Directions for this task: Repeat every line of the data exactly, but not the pictures.

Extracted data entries
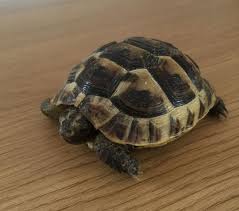 Male redfoots tails will be long and thick, and will curve tightly against the back leg. Spur Thighed Tortoise Greek Tortoise Facts And Pictures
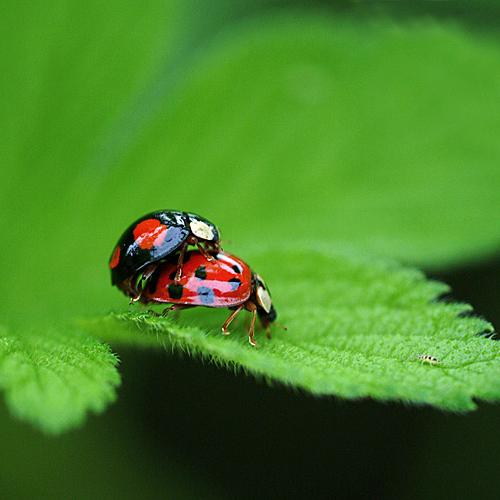 오늘 아침엔217탄(침입자)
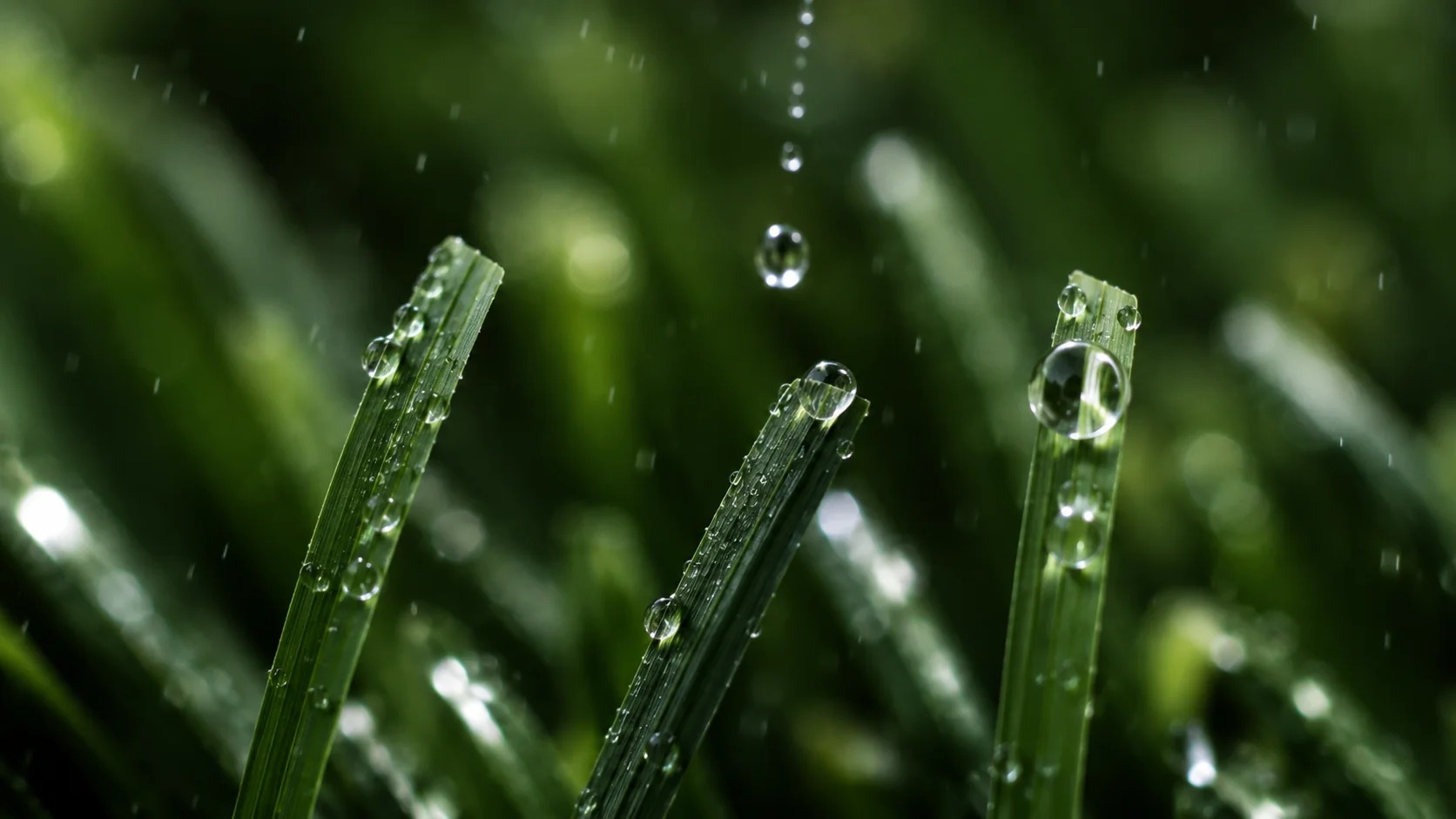 Turf Drainage 101: How Artificial Grass Handles Heavy Rain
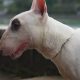 Rosto do Bull Terrier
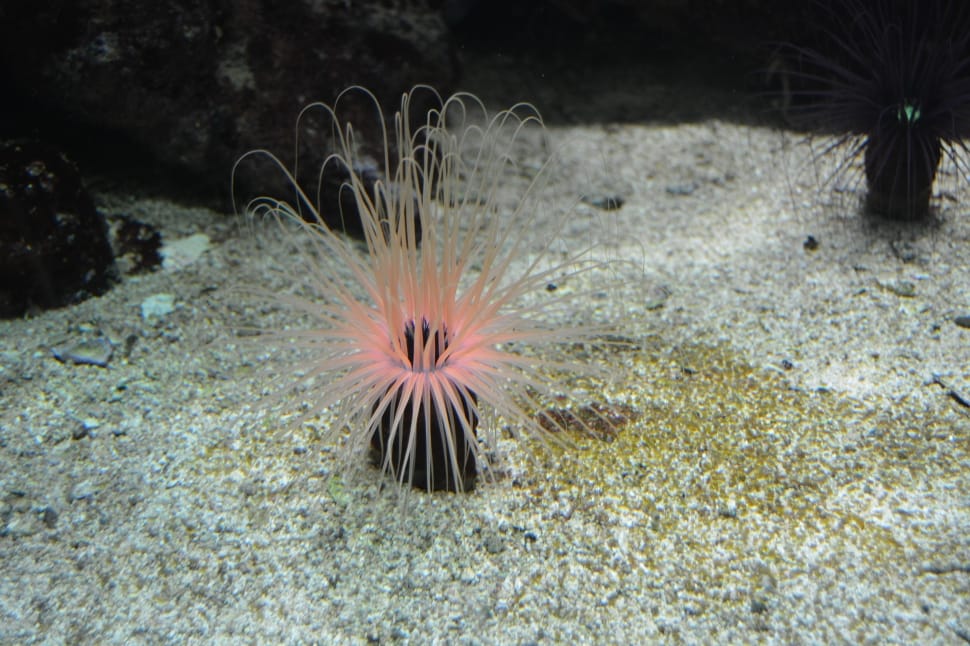 pink and black sea anemone preview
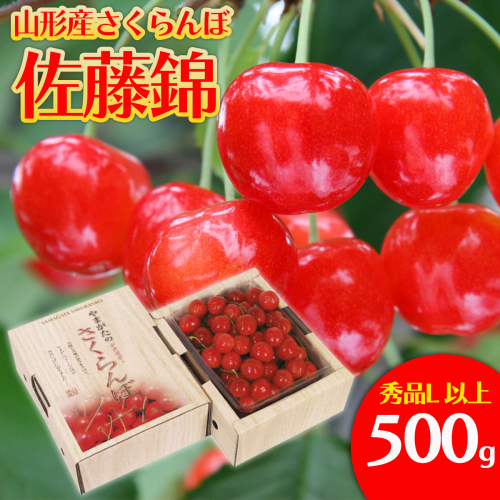さくらんぼ 佐藤錦 Lサイズ 500g 【令和8年産先行予約】FS25-560 159133 - 山形県山形市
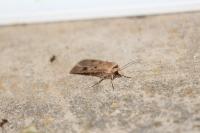 Agrotis exclamationis exclamationis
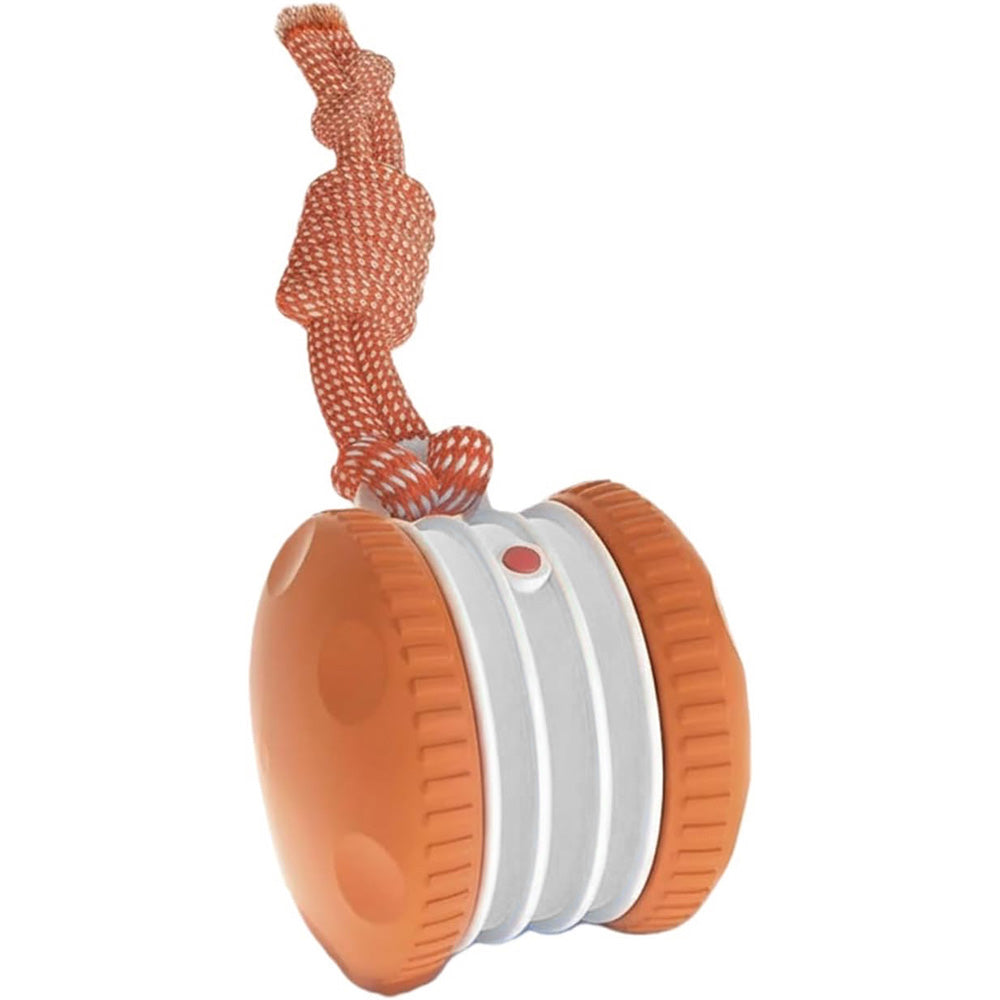 Interactive Pet Rolling Ball Toy Rechargeable Automatic Play Ball for Cats and Dogs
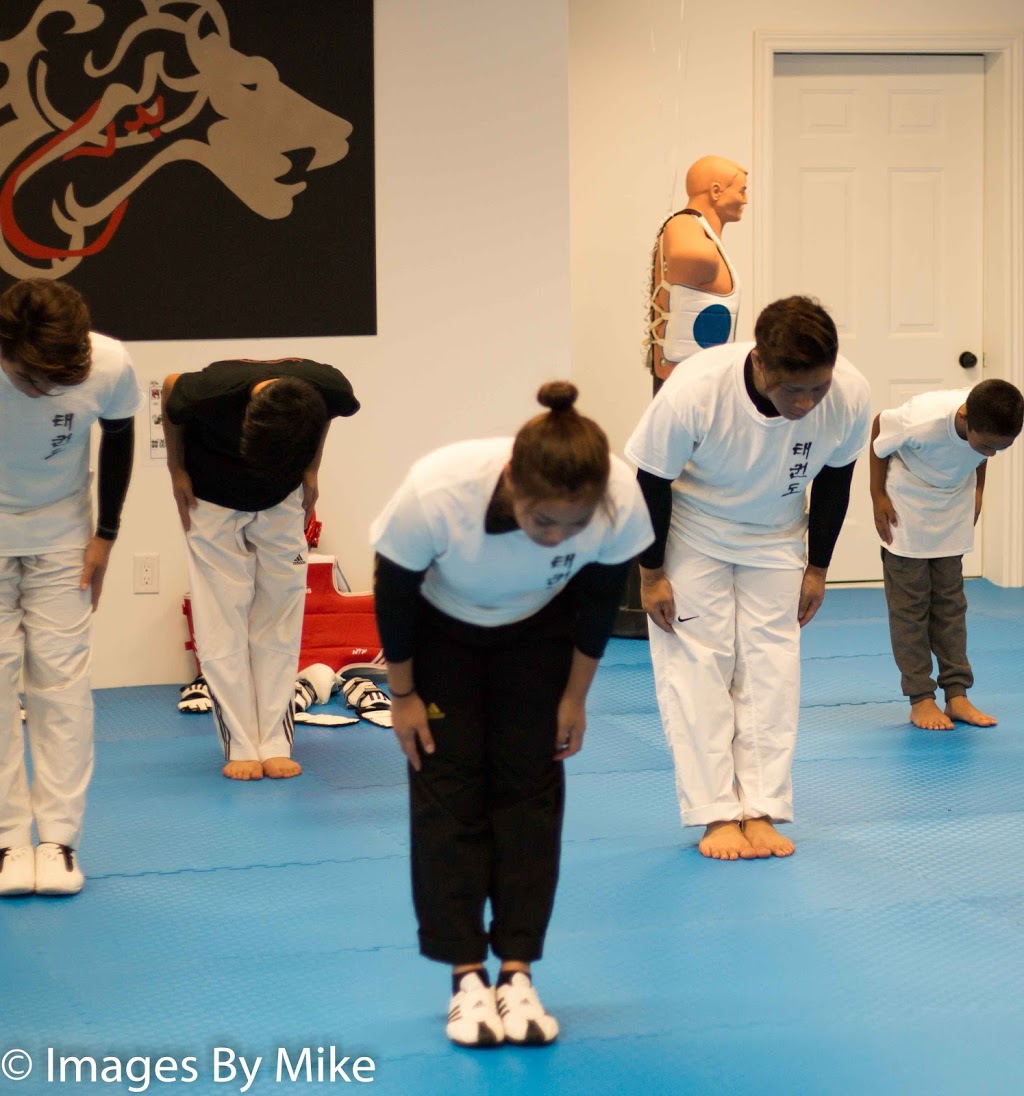 Tyves Taekwondo & training Studio | 37 Sandalwood Cres, St. Davids, ON L0S 1P0, Canada | Phone: (905) 321-9938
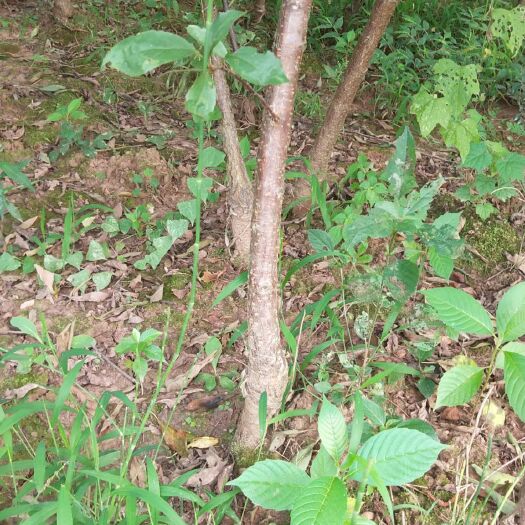 苍溪县嫁接脆红李苗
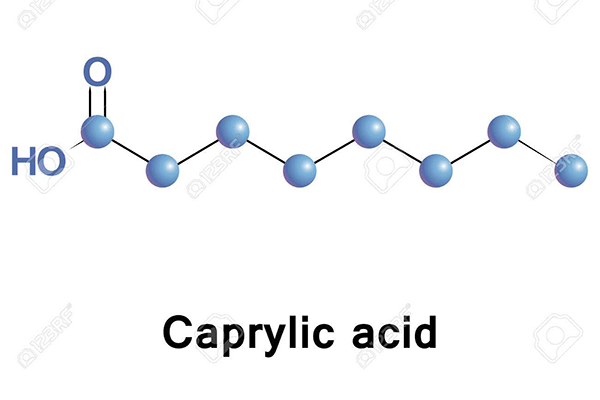 5 lợi ích của Acid Caprylic và các tác dụng phụ 1
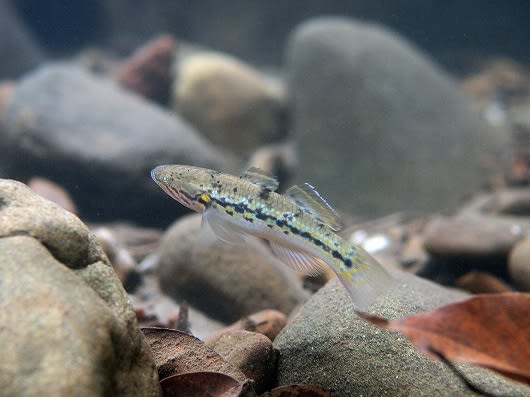 タメトモハゼ Ophieleotris Sp A 西表島 ２０１４ １１ ０２ １ かっちゃんのお魚ブログ
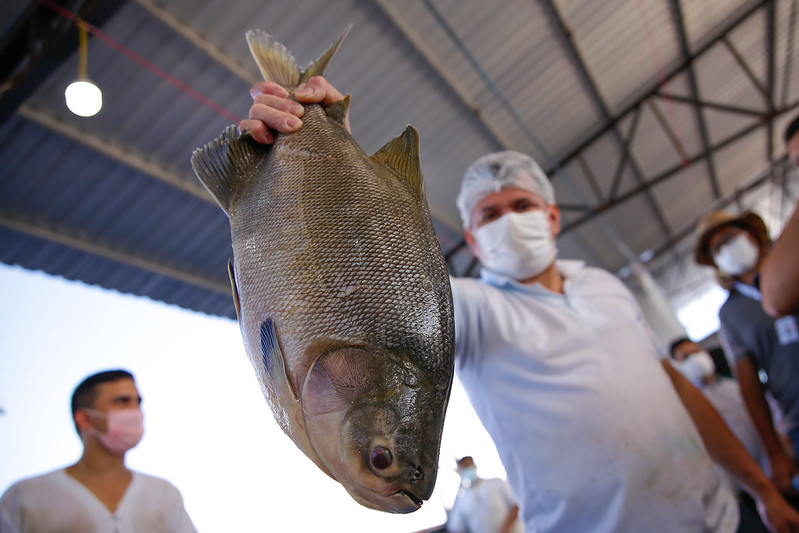 Leia mais sobre o artigo FVS restringe consumo de três espécies de peixe em Itacoatiara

Response to the task:
 Male redfoots tails will be long and thick, and will curve tightly against the back leg. Spur Thighed Tortoise Greek Tortoise Facts And Pictures
 오늘 아침엔217탄(침입자)
 Turf Drainage 101: How Artificial Grass Handles Heavy Rain
 Rosto do Bull Terrier
 pink and black sea anemone preview
さくらんぼ 佐藤錦 Lサイズ 500g 【令和8年産先行予約】FS25-560 159133 - 山形県山形市
 Agrotis exclamationis exclamationis
 Interactive Pet Rolling Ball Toy Rechargeable Automatic Play Ball for Cats and Dogs
 Tyves Taekwondo & training Studio | 37 Sandalwood Cres, St. Davids, ON L0S 1P0, Canada | Phone: (905) 321-9938
 苍溪县嫁接脆红李苗
 5 lợi ích của Acid Caprylic và các tác dụng phụ 1
 タメトモハゼ Ophieleotris Sp A 西表島 ２０１４ １１ ０２ １ かっちゃんのお魚ブログ
 Leia mais sobre o artigo FVS restringe consumo de três espécies de peixe em Itacoatiara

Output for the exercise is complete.